**EXERCISE BRIEF**: Write down exactly the lines from the one with "Edificio all\'aperto - Box Via Caronda" to the end of the data, first and last included, and no others.

**Stored data**:
• • • • •
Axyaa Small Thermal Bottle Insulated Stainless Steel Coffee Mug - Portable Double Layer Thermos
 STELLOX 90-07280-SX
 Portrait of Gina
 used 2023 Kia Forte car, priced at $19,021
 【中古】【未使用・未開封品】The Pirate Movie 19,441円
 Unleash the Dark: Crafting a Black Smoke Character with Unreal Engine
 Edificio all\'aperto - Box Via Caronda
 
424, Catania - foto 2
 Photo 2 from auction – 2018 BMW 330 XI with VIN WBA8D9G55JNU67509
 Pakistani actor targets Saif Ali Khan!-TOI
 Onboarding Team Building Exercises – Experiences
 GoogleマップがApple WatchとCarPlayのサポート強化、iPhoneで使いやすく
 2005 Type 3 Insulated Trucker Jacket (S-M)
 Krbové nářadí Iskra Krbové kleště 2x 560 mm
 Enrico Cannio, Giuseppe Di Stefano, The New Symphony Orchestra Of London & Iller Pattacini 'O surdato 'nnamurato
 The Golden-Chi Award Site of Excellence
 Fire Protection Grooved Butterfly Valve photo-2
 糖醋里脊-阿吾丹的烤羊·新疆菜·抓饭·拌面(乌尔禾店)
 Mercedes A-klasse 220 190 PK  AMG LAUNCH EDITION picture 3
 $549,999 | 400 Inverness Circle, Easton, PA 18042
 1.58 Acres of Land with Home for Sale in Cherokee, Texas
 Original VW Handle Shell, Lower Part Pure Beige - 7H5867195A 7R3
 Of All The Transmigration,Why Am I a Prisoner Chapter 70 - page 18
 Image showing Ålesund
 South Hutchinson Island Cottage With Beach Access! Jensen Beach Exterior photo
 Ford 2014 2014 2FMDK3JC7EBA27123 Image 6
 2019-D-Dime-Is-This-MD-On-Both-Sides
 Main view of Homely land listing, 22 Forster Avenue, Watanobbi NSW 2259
• • • • •
**TASK OUTPUT**:
 Edificio all\'aperto - Box Via Caronda
 
424, Catania - foto 2
 Photo 2 from auction – 2018 BMW 330 XI with VIN WBA8D9G55JNU67509
 Pakistani actor targets Saif Ali Khan!-TOI
 Onboarding Team Building Exercises – Experiences
 GoogleマップがApple WatchとCarPlayのサポート強化、iPhoneで使いやすく
 2005 Type 3 Insulated Trucker Jacket (S-M)
 Krbové nářadí Iskra Krbové kleště 2x 560 mm
 Enrico Cannio, Giuseppe Di Stefano, The New Symphony Orchestra Of London & Iller Pattacini 'O surdato 'nnamurato
 The Golden-Chi Award Site of Excellence
 Fire Protection Grooved Butterfly Valve photo-2
 糖醋里脊-阿吾丹的烤羊·新疆菜·抓饭·拌面(乌尔禾店)
 Mercedes A-klasse 220 190 PK  AMG LAUNCH EDITION picture 3
 $549,999 | 400 Inverness Circle, Easton, PA 18042
 1.58 Acres of Land with Home for Sale in Cherokee, Texas
 Original VW Handle Shell, Lower Part Pure Beige - 7H5867195A 7R3
 Of All The Transmigration,Why Am I a Prisoner Chapter 70 - page 18
 Image showing Ålesund
 South Hutchinson Island Cottage With Beach Access! Jensen Beach Exterior photo
 Ford 2014 2014 2FMDK3JC7EBA27123 Image 6
 2019-D-Dime-Is-This-MD-On-Both-Sides
 Main view of Homely land listing, 22 Forster Avenue, Watanobbi NSW 2259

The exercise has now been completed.